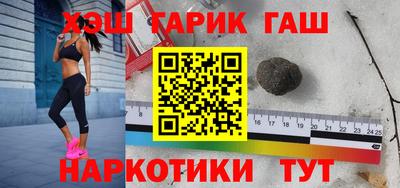 ALPHA-PVP Бердск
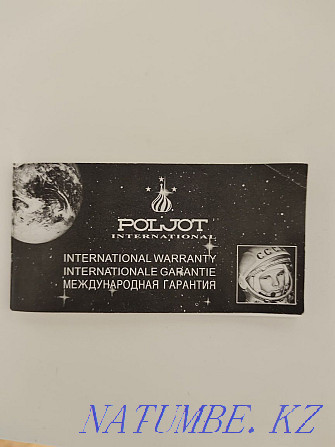 Wristwatch Poljot International Ust-Kamenogorsk - photo 4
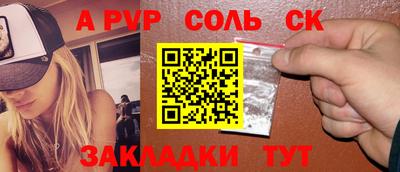 спиды Берёзовский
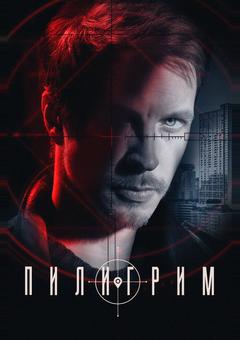 Пилигрим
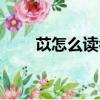 苡怎么读名字什么寓意（苡怎么读）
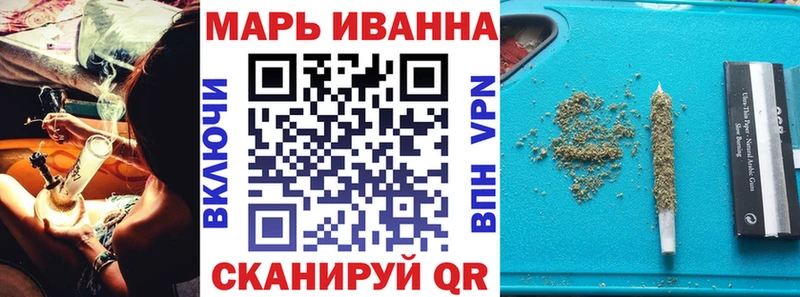 Бошки марихуана тримм Высоковск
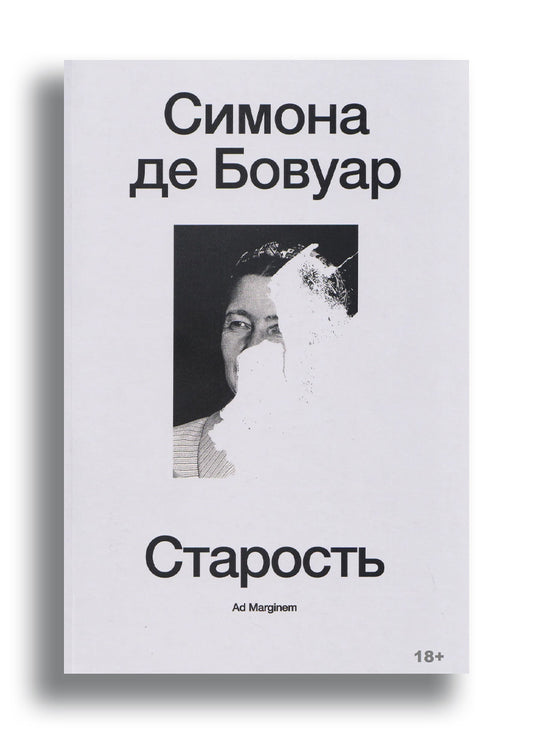 Старость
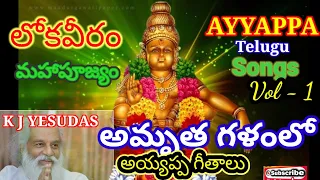 Dr K J YESUDAS AYYAPPA SWAMY TELUGU SONGS Mp3 Vol -1 #songslyricsatozyesudas #songslyricsatoztelugu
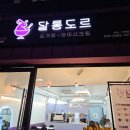 달롱도르원광대점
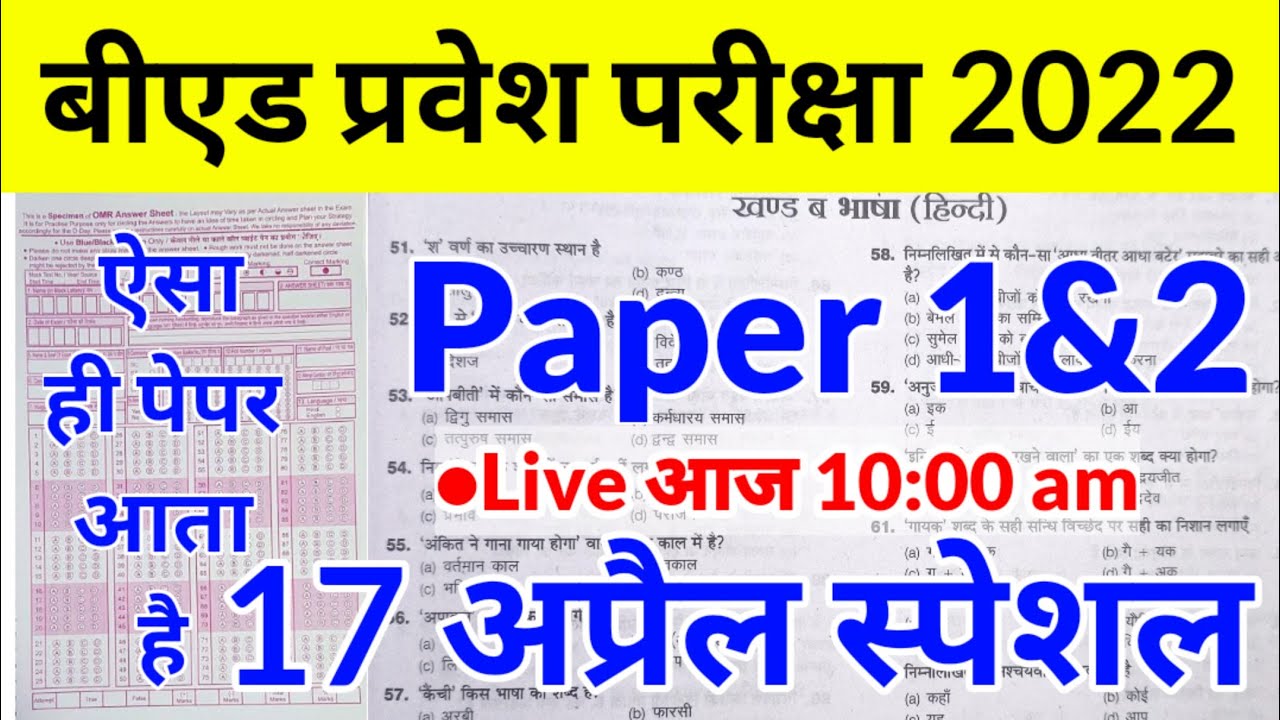 Up bed entrance exam 2022 full paper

• • •

• **TASK**
Exclude every picture and copy the remaining data exactly.

• **ANSWER FOR THIS EXERCISE**
 ALPHA-PVP Бердск
 Wristwatch Poljot International Ust-Kamenogorsk - photo 4
 спиды Берёзовский
 Пилигрим
 苡怎么读名字什么寓意（苡怎么读）
 Бошки марихуана тримм Высоковск
 Старость
 Dr K J YESUDAS AYYAPPA SWAMY TELUGU SONGS Mp3 Vol -1 #songslyricsatozyesudas #songslyricsatoztelugu
 달롱도르원광대점
 Up bed entrance exam 2022 full paper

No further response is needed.